Limit order is a command to buy or sell a currency at a pre-set price. This is useful when time is a little short on your side and you can’t stay in front of your trading desk until the price of the currency is met.
- Limit order on long positions
requires you to set your desired entry at or below the current market price.
- When your desired price is above the current market rate, use stop limit order.
- When shorting a currency
pair and the current market price is above your desired entry, use limit.
- If the current market price is below your desired entry point, use stop limit order.
As the term implies this prevents losses from crossing beyond your desired level. The broker closes your position automatically when your exit price is met. This command is a protective barrier used on an open position especially when the position is for a longer time frame where you can't always be monitoring its price.
One Cancels Other (OCO)
This command is a combination
of two set orders but only one would be executed when met and the other one
will be cancelled. This technique can be used as insurance when your plan A
to go long didn’t happen but instead the price of the currency dropped
triggering your plan B order to go short instead. It can also be used to place
two buy or two sell orders. For example, when the current market price of the
USD/JPY is at 115.50 and you plan on placing a long position just below the
current market price. Your first and primary order is a limit to go long on
USD/JPY at 115.20 and your second order is a stop limit ahead of the current
market price at 115.60. Sometimes the currency pair doesn’t bounce back
to its resistance level and just shoots higher.
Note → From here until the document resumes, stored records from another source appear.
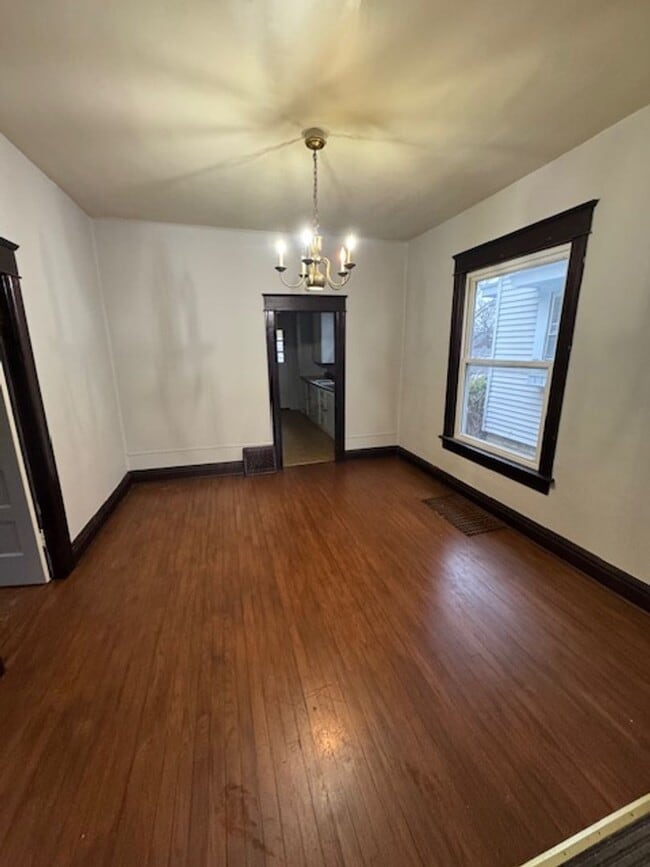 Photo - 1308 Sinclair St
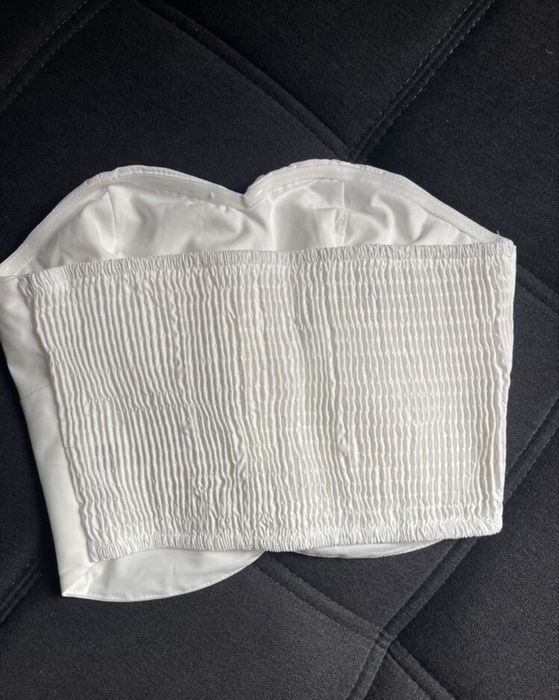 Дамски бял топ.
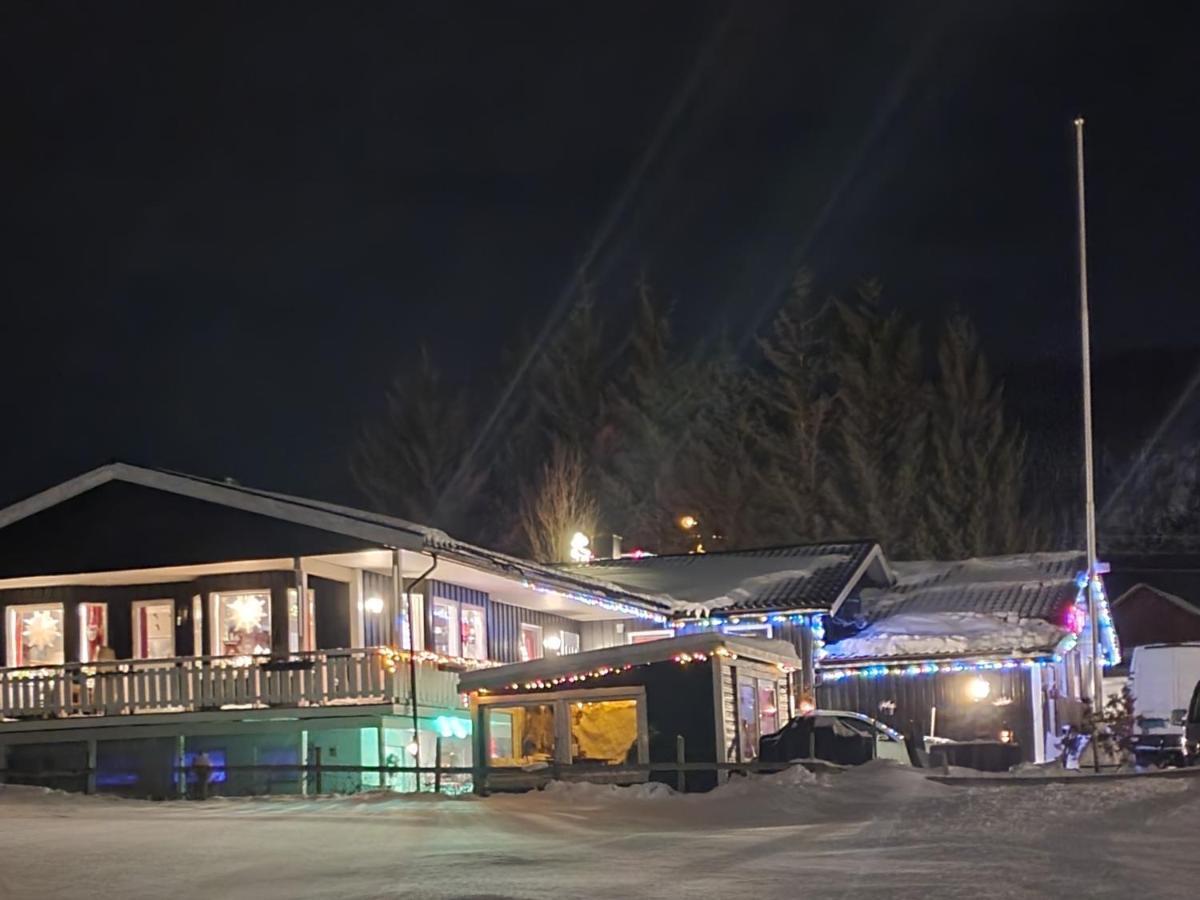 Nydelig Utsikt, Egen Leilighet Med To Parkeringer Movik  외부 사진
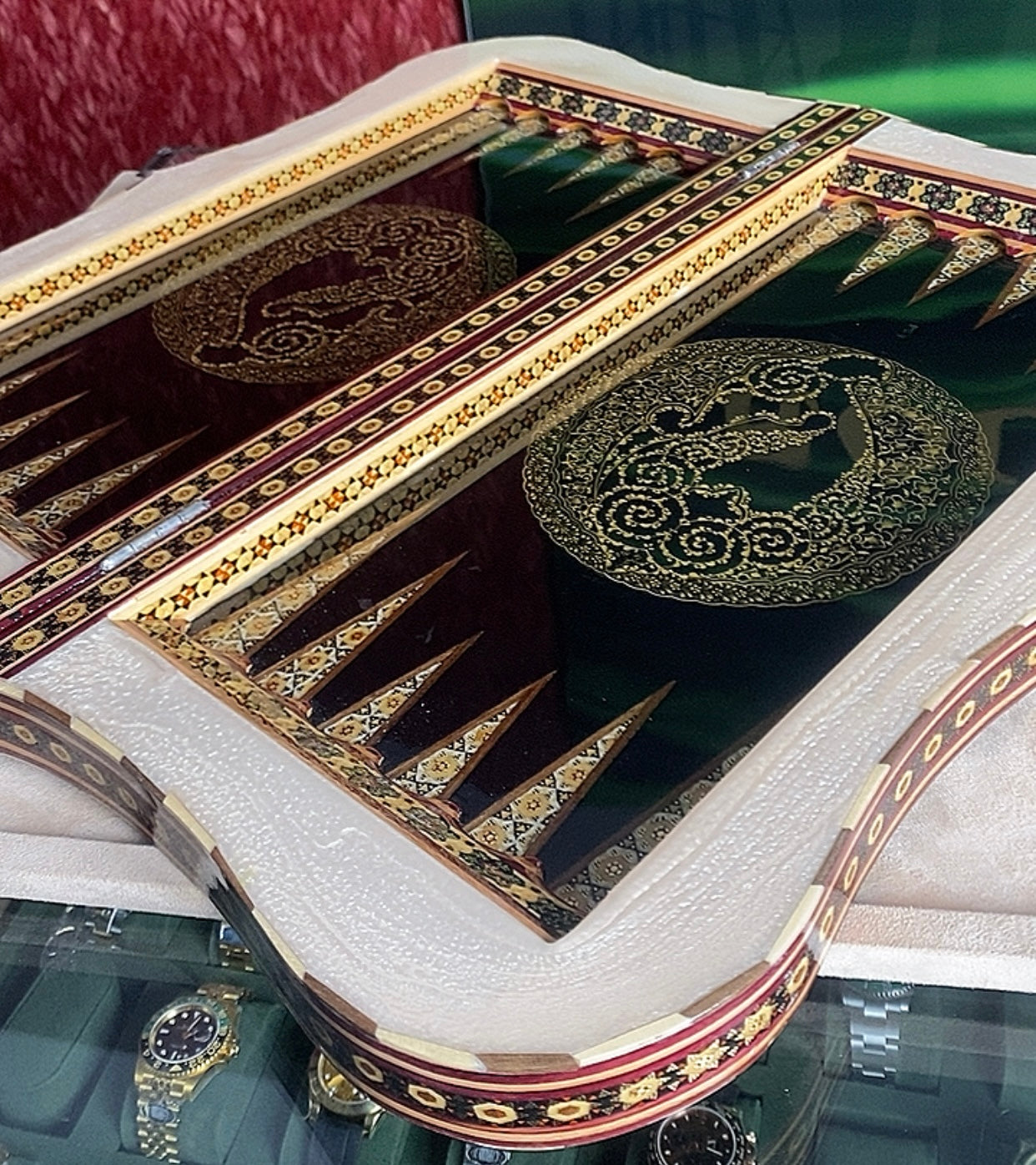 تحفة فنية صناعة يدوية - طاولي و شطرنج رسمة واحدة فقط يعني الحبة الوحيدة في العراق - احجار الطاولي و الشطرنج صناعة يدوي  بادق التفاصيل (t4)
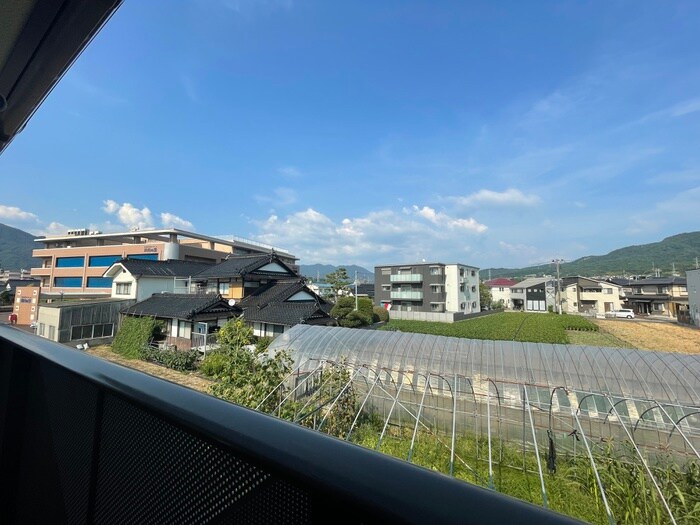 物件内観写真22　(室内からの展望)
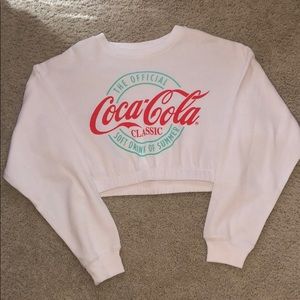 Cute teen crop top, very cozy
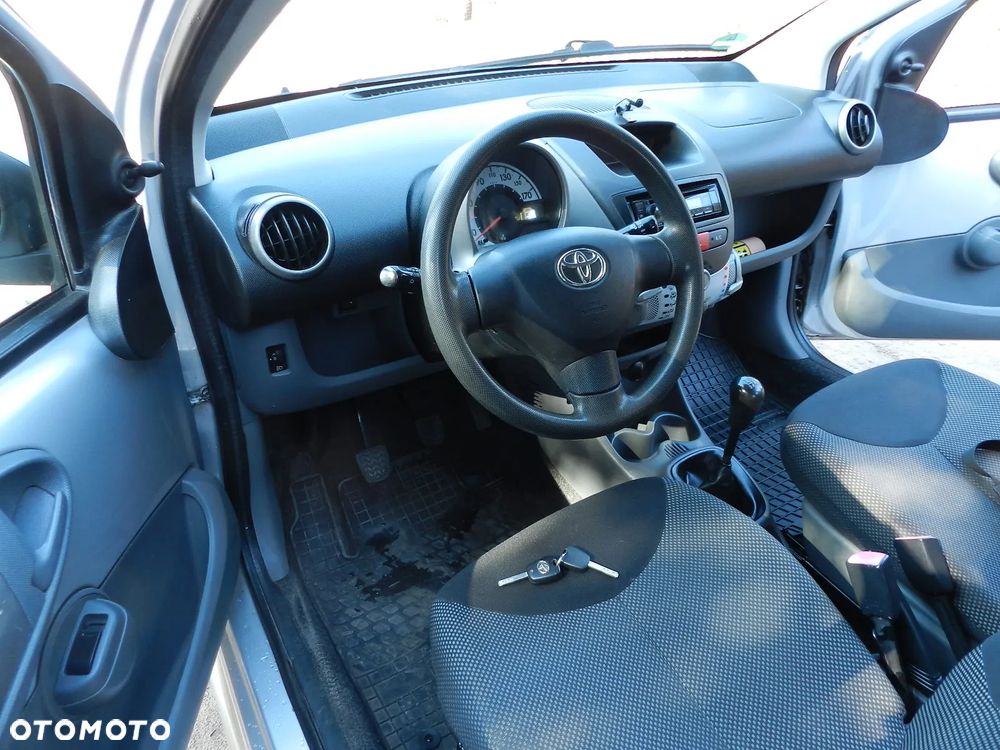 Toyota Aygo - 14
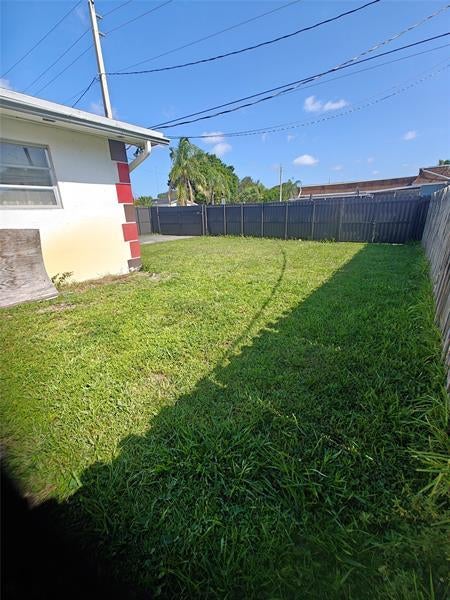 4 of 27 - 600 S 46th Ave, Hollywood, FL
When this happens your original entry point would
not be met at 115.20 but instead it will hit your second order which is at 115.60,
this would automatically cancel your primary order at 115.20 since the position
has already been established.
If then OCO
This command executes a planned entry point and then closes the position when entries stated on the OCO are met. For example you’re planning on going long GBP/USD at 1.9080, the current market price for GBP/USD is 1.9115. First you would place a buy limit order at 1.9080 and then you would place your exit strategy on the OCO. Your plan is to take profit at 1.9200 with a stop loss at 1.9020 and then you go to sleep and dream about a shiny new Lamborghini. The next day, there are 4 possible things that could happen.
1. Your entry point is not
triggered leaving the order still open.
2. You have an open position that is hovering between your limit and stop loss.
3. Your entry price is met but your stop loss was hit resulting to a limited loss.
4. You’re happy because your limit has been met resulting to huge profits.